Nobody likes a loser. Time to dump on Dean.
Labor supporter: Dean ignored pleas to quit By ADAM NAGOURNEY 2004 New York Times News Service
WASHINGTON -- One of Howard Dean's most powerful labor supporters, Gerald W. McEntee, said on Thursday that he had decided that Dean was "nuts" shortly before he withdrew his support for Dean's candidacy and begged him to quit the race to avoid a humiliating defeat.
McEntee, the president of the American Federation of State, County and Municipal Employees, defended his decision to abandon Dean's campaign, saying he told Dean that he did not want to spend another $1 million of his union's money "in order to get him a couple of extra points in Wisconsin."
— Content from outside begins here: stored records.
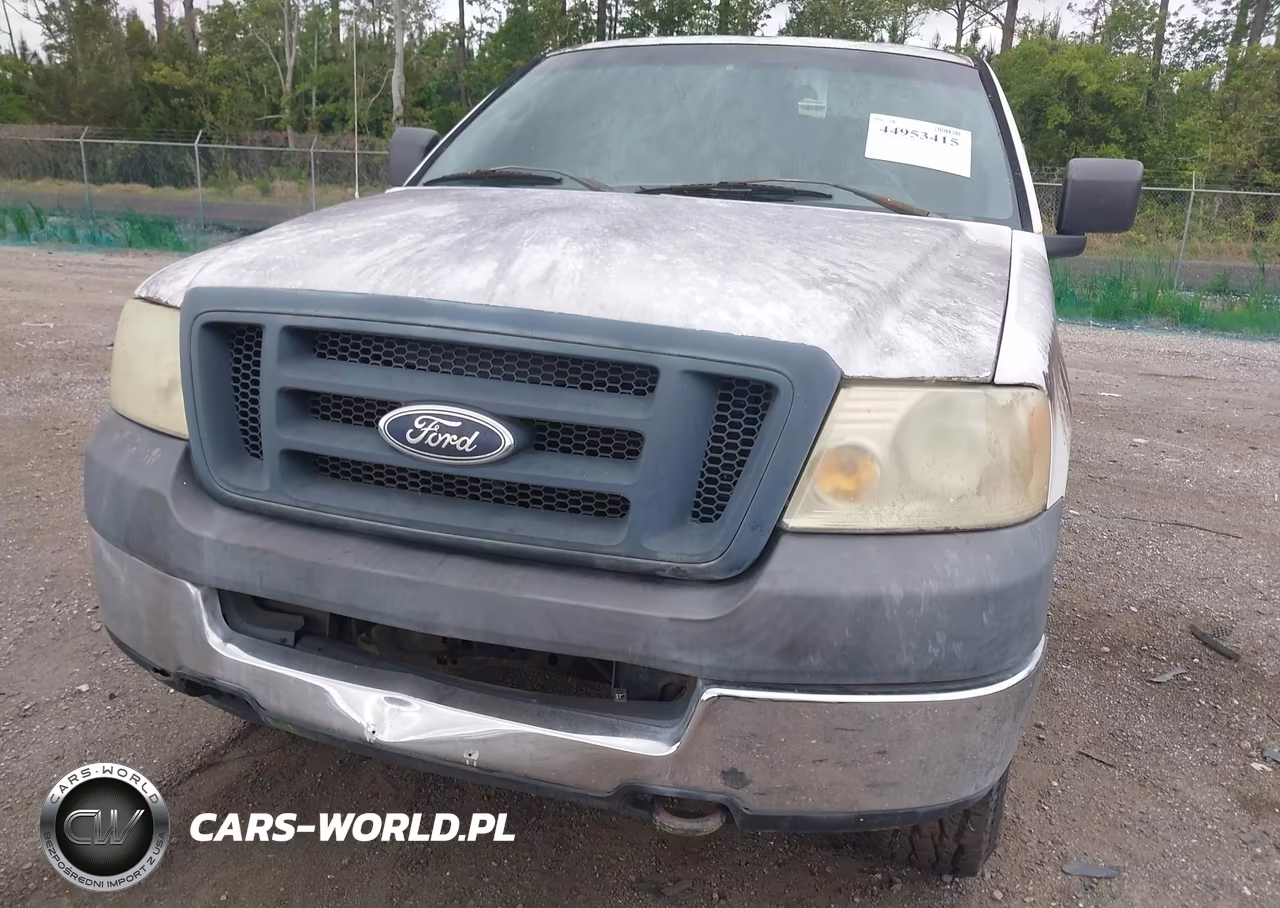 2005 Ford F-150 Fx4-Lariat-Xl-Xlt VIN:1FTVX14505NB44610 - 6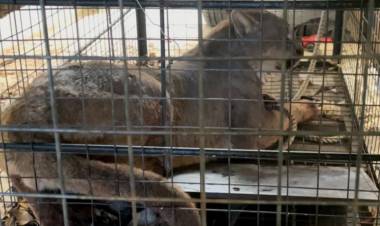 Capturaron a un puma suelto en un barrio de nuestra ciudad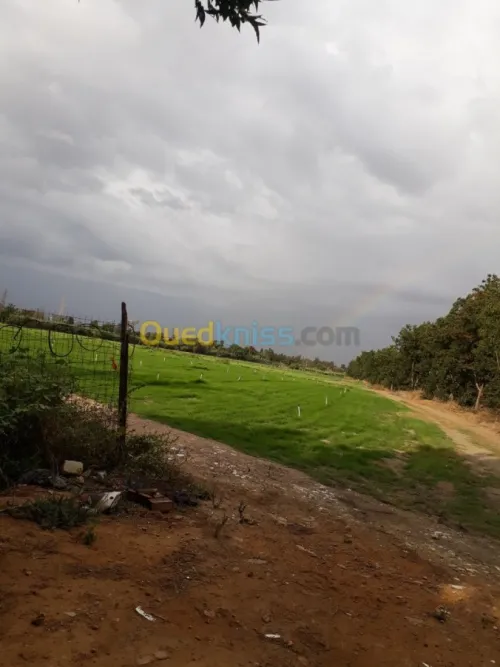  gazon naturel planète 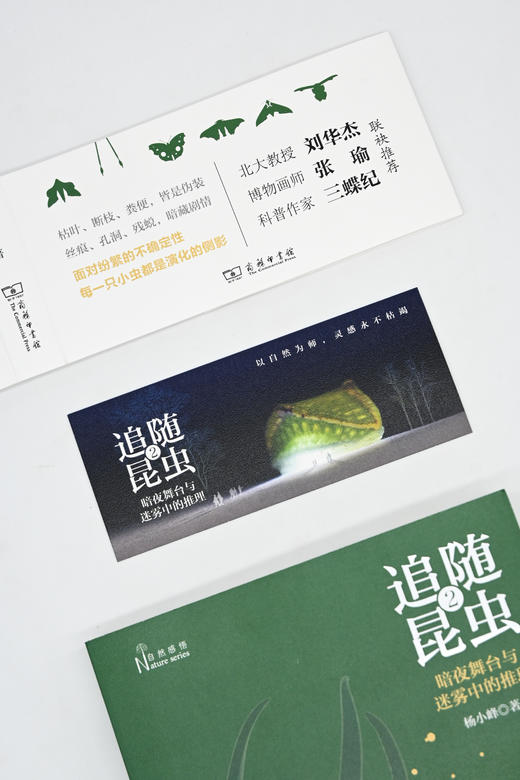 追随昆虫1+2(自然感悟) 商品图11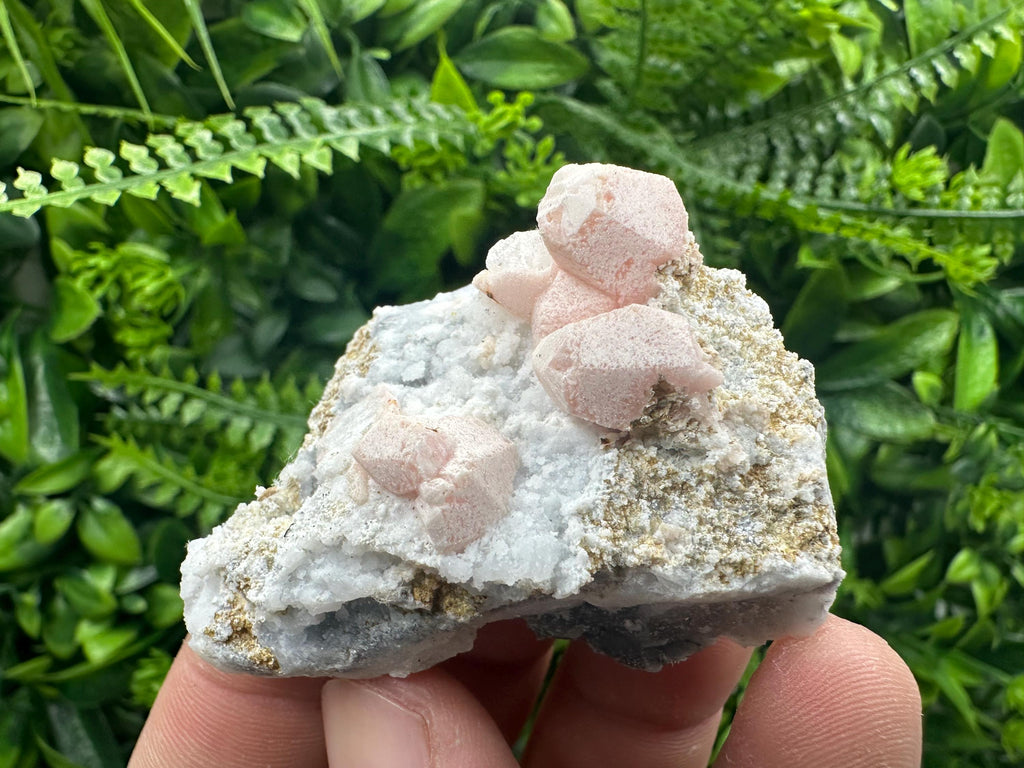 Mangano Calcite on Marcasite with Barite, Bulgaria Mineral Specimen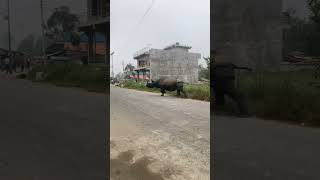 Rhino on the road in Nepal rhino shorts shortvideos [upl. by Repard]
"I have to vent," McEntee, the often blunt leader of the nation's largest public service union, said in a leisurely interview in his office here. "I think he's nuts."
McEntee said he reached his assessment of Dean after watching him in what he described as a series of halting campaign appearances in Iowa, leading up to his shouted concession speech. He said he did not believe Dean understood how substantial his decline was after that and that he was stunned when Dean did not bow to pressure from labor unions to pull out earlier this month.
"I go to Burlington, and I meet with him," McEntee said. "I'm telling you, I threw more ice water on his head in about 25 minutes than probably he has ever had. And I said: `Don't do Wisconsin, OK? Don't go in.' I told him to get out. I said you can't win."
"He said he's still going into Wisconsin," McEntee continued. "I said, `We're not. We're off the train. If you think I'm going to spend $1 million to get you another point after this election is over, you're crazy. We're saving the money to do it against George Bush.' "
A spokesman for Dean, Jay Carson, said that McEntee's attacks on Dean could endanger the party's chances of defeating Bush. "All Democrats have to be united to win this election," he said. "This kind of personal attack is not going to help us beat George W. Bush."
The remarks by McEntee came the day after Dean ended his candidacy. In the speech Dean made on Wednesday, he went out of his way to praise the other two big unions that had joined McEntee in endorsing Dean, the Service Employees International Union and the International Union of Painters and Allied Trades, for sticking with him. McEntee bristled at the suggestion that his decision to abandon Dean was disloyal.
"We didn't feel and don't feel now that our responsibility was to Howard Dean," he said. "Our responsibility was to our people and to the people who we represent."
McEntee, who flirted with endorsing John Kerry and retired Gen. Wesley K. Clark before settling on Dean, said his union was probably going to sit it out for a while.
"At this point, there's no way we're going to endorse anybody," he said. "I think we need a rest. Maybe in an asylum."